■ Information given:

══════════

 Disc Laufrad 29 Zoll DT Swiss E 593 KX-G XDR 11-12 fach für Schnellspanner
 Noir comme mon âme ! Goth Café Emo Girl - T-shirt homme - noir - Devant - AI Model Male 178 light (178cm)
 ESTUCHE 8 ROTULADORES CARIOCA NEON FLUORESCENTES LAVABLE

══════════

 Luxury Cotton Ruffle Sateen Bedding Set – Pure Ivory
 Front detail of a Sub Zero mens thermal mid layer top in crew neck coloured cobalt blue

══════════

■ Task requirements: Everything above from the line with "Luxury Cotton Ruffle" to the line with "Front detail of", both included, must be repeated exactly, and nothing outside that range.

■ Your response:
 Luxury Cotton Ruffle Sateen Bedding Set – Pure Ivory
 Front detail of a Sub Zero mens thermal mid layer top in crew neck coloured cobalt blue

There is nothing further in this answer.